Researchers from the University of California, Berkeley, and the University of Hong Kong have developed a new approach to metric depth estimation, a crucial technology for various applications in the energy sector, including robotics, autonomous vehicles, and renewable energy infrastructure inspection. The team, led by Baorui Ma and Jiahui Yang, presents their findings in a paper titled “MetricAnything: Scaling Metric Depth Pretraining with Noisy Heterogeneous Sources.”
Metric depth estimation involves determining the distance of each pixel in an image from the camera, enabling 3D scene understanding. However, this task has been challenging due to noise from different sensors, camera-specific biases, and metric ambiguity in diverse 3D data. The researchers introduce MetricAnything, a scalable pretraining framework that learns metric depth from noisy and diverse 3D sources without relying on manually engineered prompts or task-specific architectures.
The key innovation in MetricAnything is the Sparse Metric Prompt, which randomly masks depth maps to serve as a universal interface. This approach decouples spatial reasoning from sensor and camera biases, allowing the model to learn from a wide range of data sources. The researchers trained their model using about 20 million image-depth pairs, spanning reconstructed, captured, and rendered 3D data across 10,000 camera models. This extensive training data enabled them to demonstrate a clear scaling trend in metric depth estimation, a first in the field.

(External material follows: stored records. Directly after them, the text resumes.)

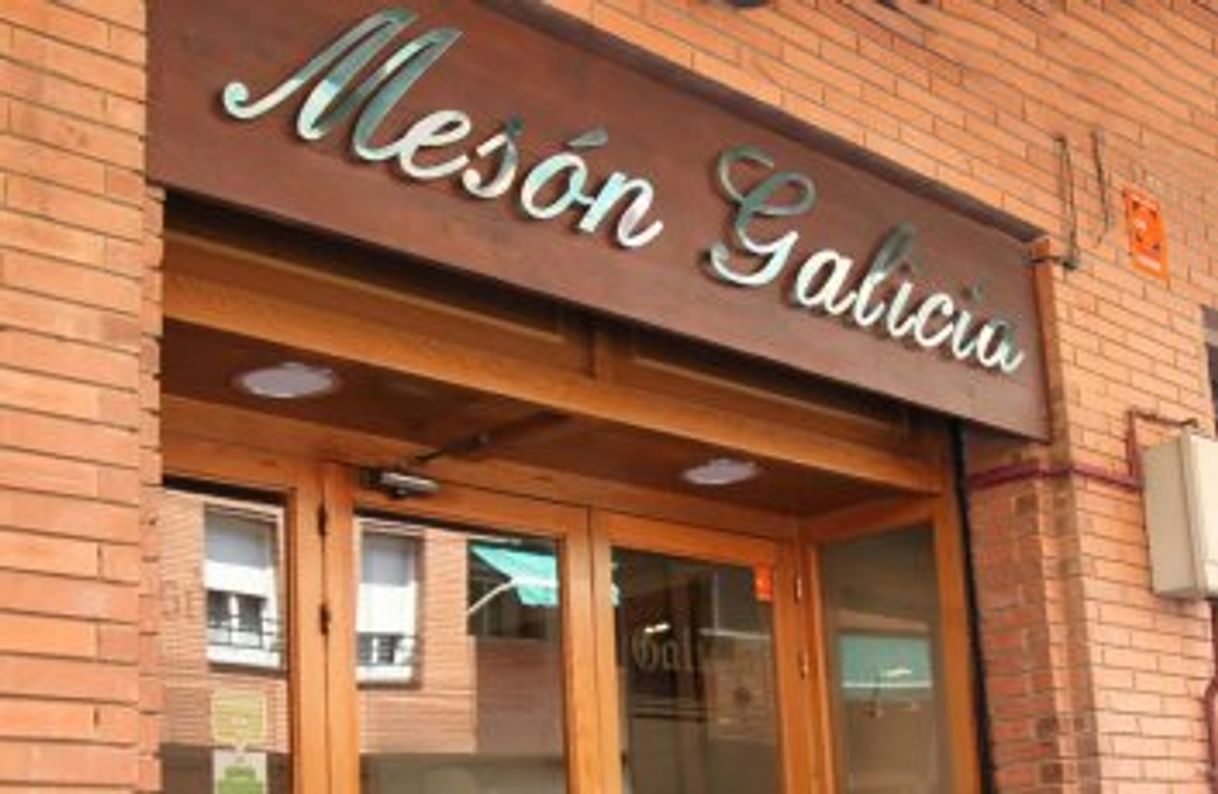 Restaurantes Mesón Galicia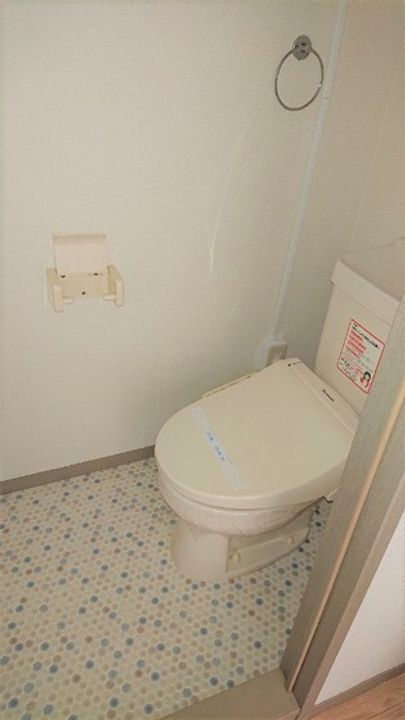 ドミール大安寺の内装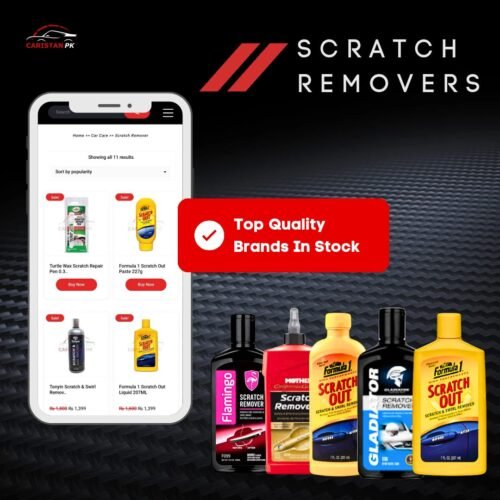 Scratch Removers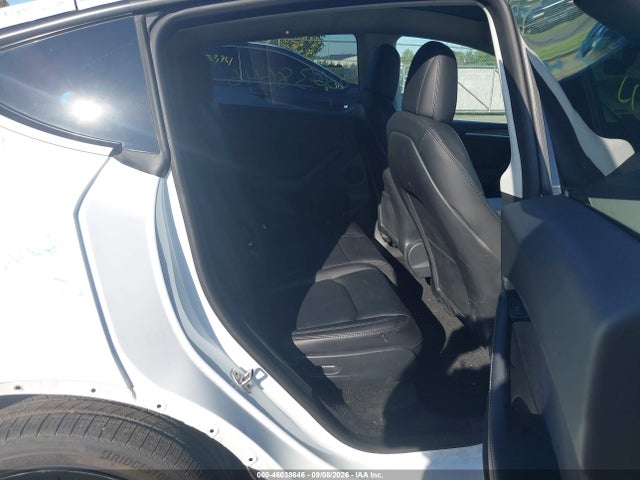 2023 TESLA MODEL Y AWD/LONG RANGE DUAL MOTOR ALL-WHEEL DRIVE 8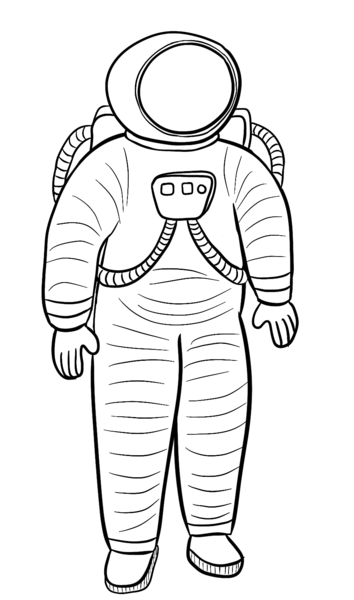 Datei:CA Astronaut sw.png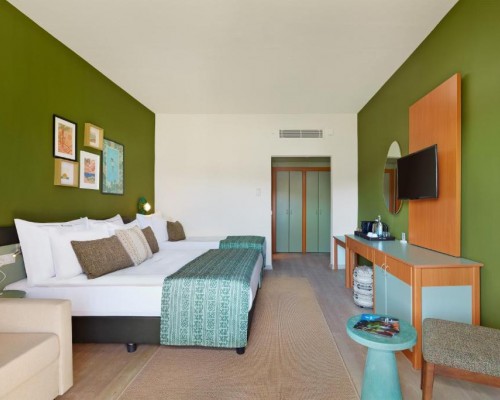 Corendon Hydros Club Kemer 5* — семейный отель на первой линии в Кемере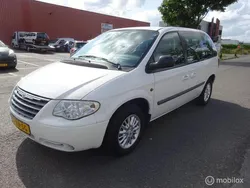 Wit Gebruikt 2007 Chrysler Voyager MPV | € 4.500 (Iets duurder)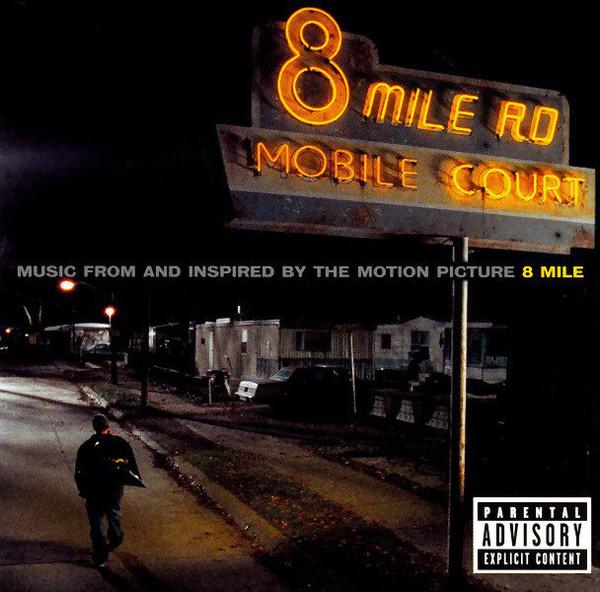 Eminem - 8 Mile (Advisory) (New Vinyl)
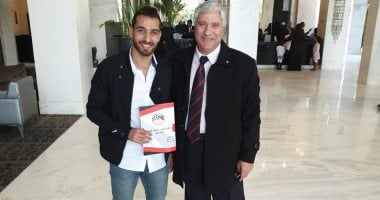 4 مواسم ونصف مدة عقد "شكرى" فى إنبى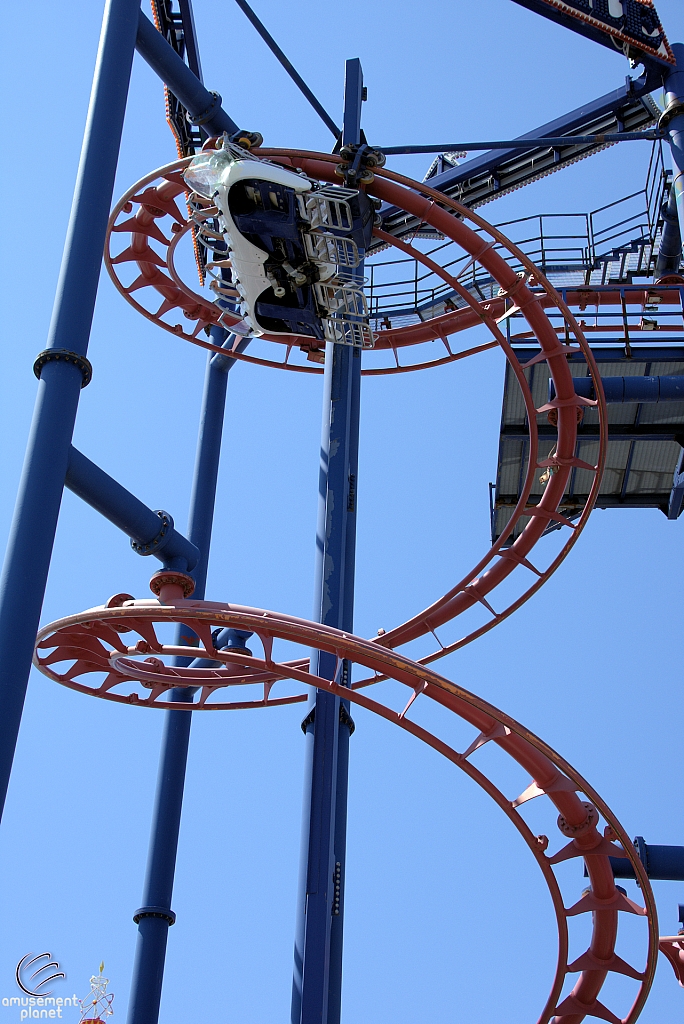Soarin' Eagle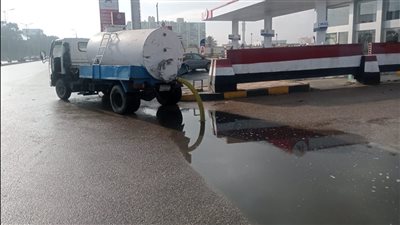 تحسبٱ للتقلبات الجوية.. توجيهات برفع حالة الطوارئ ببورسعيد 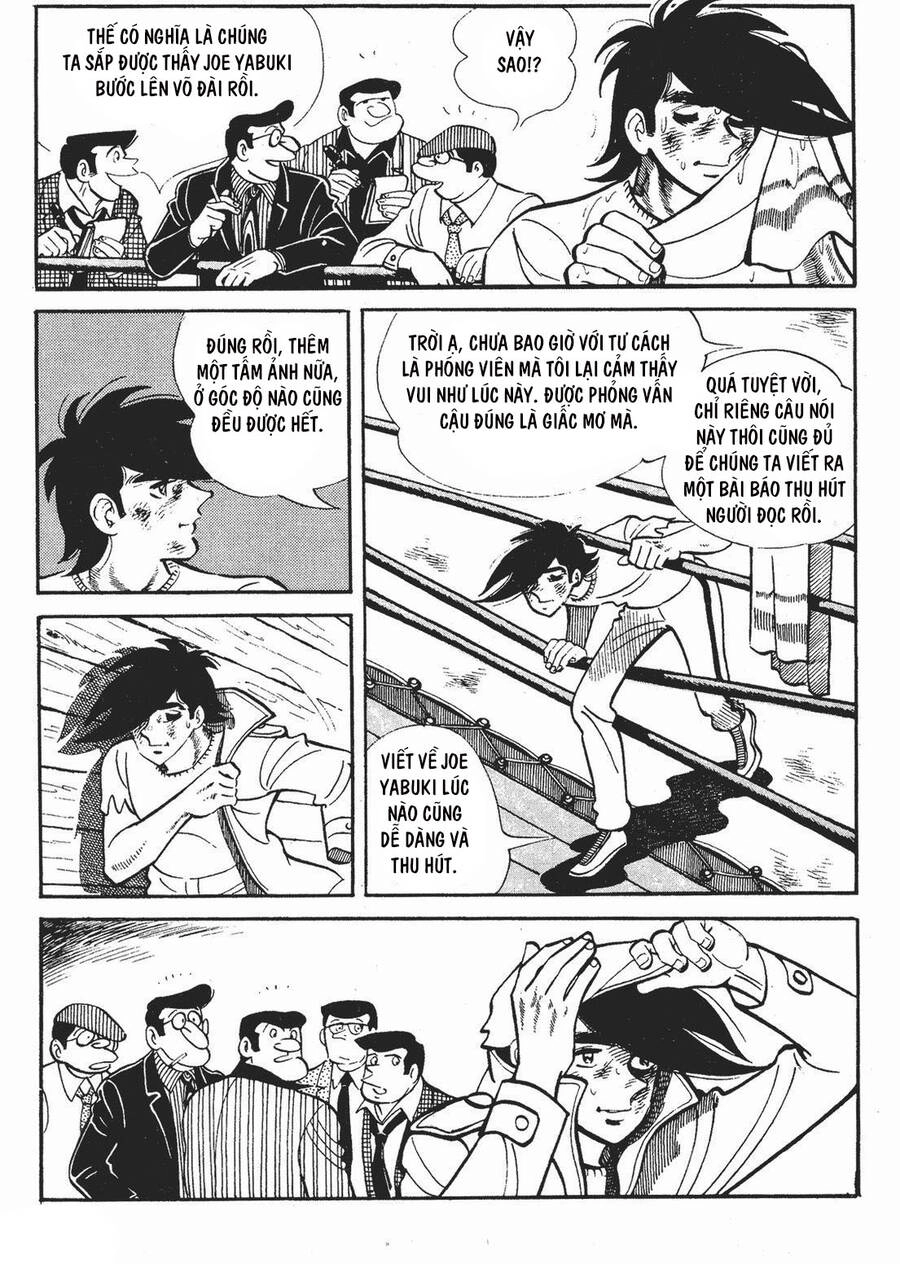 Ashita No Joe Chapter 135 - 5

The pretrained model excels at various prompt-driven tasks, such as depth completion, super-resolution, and radar-camera fusion. Additionally, a distilled prompt-free student model achieved state-of-the-art results in monocular depth estimation, camera intrinsics recovery, single/multi-view metric 3D reconstruction, and Visual Localization and Mapping (VLA) planning. The researchers also showed that using the pretrained Vision Transformer (ViT) of MetricAnything as a visual encoder significantly boosts the spatial intelligence capabilities of Multimodal Large Language Models.
For the energy sector, these advancements could lead to improved robotics and autonomous systems for inspecting and maintaining renewable energy infrastructure, such as wind turbines and solar panels. Enhanced 3D scene understanding could also benefit energy storage and management systems, as well as smart grid technologies. The researchers have open-sourced MetricAnything to support community research and further advancements in the field. The paper was published in the prestigious conference Proceedings of the IEEE/CVF Conference on Computer Vision and Pattern Recognition (CVPR).
This article is based on research available at arXiv.